I dodaje: – Nieprzerwanie prowadzimy negocjacje z MOW NFZ o zwiększenie wartości umowy na pokrycie świadczeń na rzecz nowo zakwalifikowanych pacjentów.

Życie z mukowiscydozą

Witek jest w grupie dzieci, które jeszcze czekają na nowy lek: we wrześniu jest już zapisany na wizytę w ośrodku leczenia na badania kwalifikujące do programu lekowego.

Mimo mukowiscydozy rozwija się dobrze – to zasługa bardzo dobrych specjalistów, leczenia objawowego, codziennej rehabilitacji. Każdy dzień zaczyna się u niego podaniem leków rozszerzających oskrzela, potem inhalacji z soli hipertonicznej, która ma rozrzedzić wydzielinę w oskrzelach. Następnie są ćwiczenia oddechowe. Dopiero potem – wyjście do przedszkola. W ciągu dnia kolejna inhalacja z leku „rozcinającego" wydzielinę, znacznie ułatwiającego jej odkrztuszanie. Wieczorem konieczna jest także inhalacja, ćwiczenia oddechowe. Trzeba pilnować godzin podawania leków, suplementować witaminy, uzupełniać sód, dbać o higienę sprzętu do rehabilitacji. W przypadku większości chorych na mukowiscydozę konieczne jest także przyjmowanie enzymów trawiennych do każdego posiłku.

Witek chodzi do przedszkola, choć z powodu częstszych i przedłużających się infekcji (co jest charakterystyczne dla mukowiscydozy) w ubiegłym roku przez większość dni musiał być w domu. Każda infekcja przebiega u niego ostrzej, dłużej, częściej musi brać antybiotyki.

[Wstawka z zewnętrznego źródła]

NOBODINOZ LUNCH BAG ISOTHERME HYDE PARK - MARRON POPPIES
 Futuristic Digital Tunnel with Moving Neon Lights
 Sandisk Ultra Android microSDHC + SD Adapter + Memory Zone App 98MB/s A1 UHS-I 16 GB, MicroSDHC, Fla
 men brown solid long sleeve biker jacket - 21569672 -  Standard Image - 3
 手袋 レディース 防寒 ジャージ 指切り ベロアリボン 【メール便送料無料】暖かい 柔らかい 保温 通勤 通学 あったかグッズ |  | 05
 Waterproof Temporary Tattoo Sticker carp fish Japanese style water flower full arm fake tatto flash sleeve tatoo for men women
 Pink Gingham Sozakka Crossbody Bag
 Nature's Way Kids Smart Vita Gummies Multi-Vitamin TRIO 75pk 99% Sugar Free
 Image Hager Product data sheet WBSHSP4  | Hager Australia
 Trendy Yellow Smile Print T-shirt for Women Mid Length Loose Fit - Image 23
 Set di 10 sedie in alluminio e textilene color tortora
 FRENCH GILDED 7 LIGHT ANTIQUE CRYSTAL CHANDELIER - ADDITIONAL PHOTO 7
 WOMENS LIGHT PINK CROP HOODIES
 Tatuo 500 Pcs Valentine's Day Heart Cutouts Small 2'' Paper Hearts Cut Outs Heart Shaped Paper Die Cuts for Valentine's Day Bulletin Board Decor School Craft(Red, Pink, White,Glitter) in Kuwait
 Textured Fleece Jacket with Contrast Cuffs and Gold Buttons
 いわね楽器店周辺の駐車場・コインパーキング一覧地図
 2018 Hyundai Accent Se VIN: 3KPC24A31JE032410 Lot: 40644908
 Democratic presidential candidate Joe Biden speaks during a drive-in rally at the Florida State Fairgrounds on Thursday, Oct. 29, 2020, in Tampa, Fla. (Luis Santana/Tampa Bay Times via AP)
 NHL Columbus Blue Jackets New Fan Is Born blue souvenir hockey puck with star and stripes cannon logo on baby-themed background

Bardzo doceniam dotychczasowe możliwości leczenia. Dzięki testom przesiewowym mogliśmy już od pierwszych tygodni życia wiedzieć o chorobie, stosować leczenie objawowe, uczyć się fizjoterapii, by zapobiegać zaostrzeniom choroby i je łagodzić. Leczenie objawowe jest na wysokim poziomie, mamy ośrodki leczenia mukowiscydozy. Jednak to, na co czekaliśmy, to właśnie leczenie przyczynowe – zaznacza Wojciech Szymański.

Mukowiscydoza chorobą przewlekłą jak astma?

– Marzeniem rodzica każdego dziecka jest to, żeby dziecko żyło jak najdłużej, przede wszystkim, żeby zrobić wszystko, by nie dopuścić do sytuacji, że trzeba będzie pochować własne dziecko: a to była przez wiele lat rzeczywistość rodziców. Znam rodziców, którzy do tej pory nie mogą pogodzić się z odejściem dziecka, to straszna perspektywa. Druga rzecz to troska o jakość życia: wiemy, że mukowiscydoza postępuje, dzieci są narażone na nawracające infekcje, zakażenia bakteriami lekoopornymi, często są konieczne hospitalizacje, pogarsza się też wydolność układu oddechowego.

Dlatego również jako Fundacja walczyliśmy o możliwość stosowania leczenia przyczynowego także dla młodszych dzieci, by tego wszystkiego uniknąć. Naszym marzeniem jest normalność. Leczenie przyczynowe daje nadzieję na normalność, na pewność, że nie dojdzie do pogorszania stanu zdrowia, a choroba ze śmiertelnej przejdzie w chorobę przewlekłą, możliwą do okiełznania, jak astma czy nadciśnienie – mówi Wojciech Szymański.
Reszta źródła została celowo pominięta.